Нартос сидел за столом трактира, вперив рассеянный взгляд за окно. Снаружи лил дождь. Зал'ева, как говорят в провинции. По оконному стеклу сбегали частые капли. Вдали за пологом дождя смутно вырисовывалась речная гладь цвета свинца и нависшие над рекой скалы, поросшие густым сосняком. Из-за непогоды казалось, будто уже наступили сумерки. В трактирном зале было темно, как в клети, но светильников ещё не зажигали. Посетителей было немного. Никого из Царьгорода, все местные. Приземистые и широкоскулые, с грубоватыми чертами лица. Не самый привлекательный народ на Континенте, прямо скажем. Да ещё хмурятся и молчат, будто на поминках. Почти всё время молчат. А если и говорят, то как-то опасливо, вполголоса. Впрочем, их можно понять. Даже сюда, в эту глушь, могли забрести Соглядатаи из Тайной Канцелярии и Охранители из Коллегии Истины. Когда-то их легко было распознать по чёрным и серым одеяниям, но в последние годы они все чаще отказывались от униформы, предпочитая одеваться, как простолюдины. Так проще было смешаться с толпой.
– Видал вот этих?
Хриплый шепот вырвал Нартоса из задумчивости. Он отвернулся от окна и перевёл взгляд на человека, сидящего напротив. Лодочник. Мужчина лет сорока, одетый в бурый непромокаемый плащ и такие же сапоги. Белесые глаза и бесцветные волосы выдавали в нем уроженца Приморья. Или Дольних Земель, как говорят местные. Он ухмылялся, демонстрируя скверные, выщербленные зубы.
– Вот этих вот видал? – повторил лодочник, ткнув пальцем в сторону очага, в котором пылали берёзовые поленья.
Нартос проследил за его взглядом. У очага на досках пола сидели, скорчившись, два существа. Ростом не выше двенадцатилетнего ребёнка. Оба закутаны в бесформенные кожаные плащи с низко надвинутыми капюшонами – так, что не различить ни их лиц, ни очертаний тел. Рядом на полу лежали два грубо сработанных копья с костяными наконечниками и подобие секиры – кремнёвая пластина с неровными краями, кое-как прикрученная к деревянной рукояти.

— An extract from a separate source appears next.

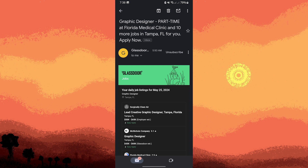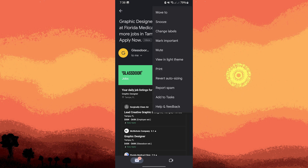Tap on the three-dot menu icon, usually located at the top right corner of the email screen, to open the email options menu. From the options menu, choose the print option.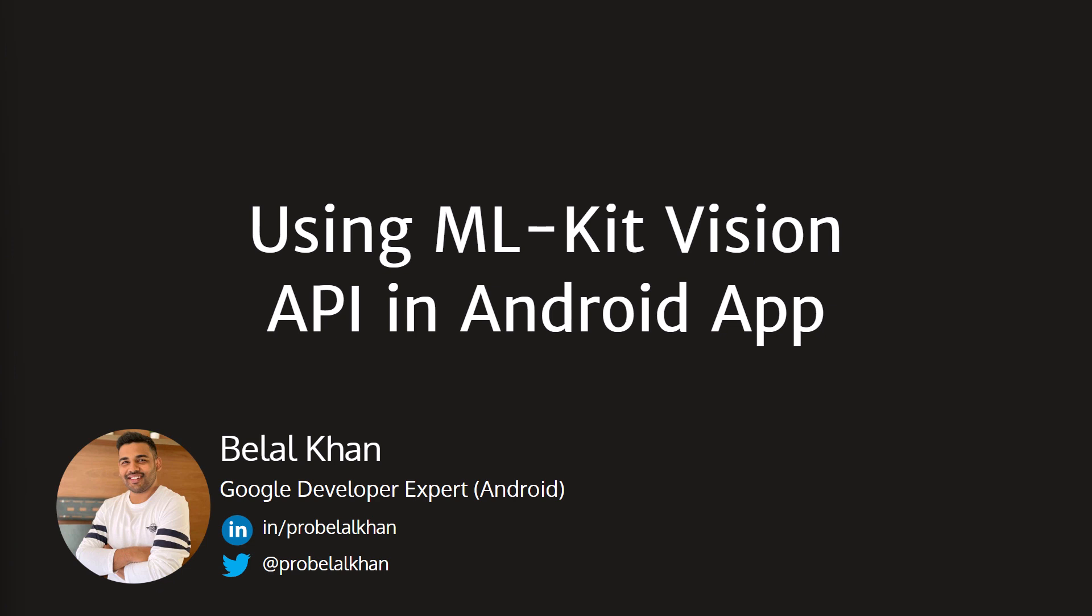Hi everyone, I am Bilal Khan and you are watching Simplified Coding. Welcome to the ML Kit Vision APIs course. In this course we will learn how to use the power of ML Kit in our Android applications.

– Гу-у-ули! Пожиратели мертвечины, – хрипло зашептал лодочник. – Околачиваются тут. Спускаются со скал. Ишь ты, от дождя прячутся. Паскудство.
Он схватил со стола пустую деревянную миску и швырнул ее в сторону очага. Те двое даже не шелохнулись, будто погруженные в какое-то странное оцепенение.
– Ждут своего часа. Когда мы все подохнем, они будут тут хозяевами, – мрачно подытожил лодочник.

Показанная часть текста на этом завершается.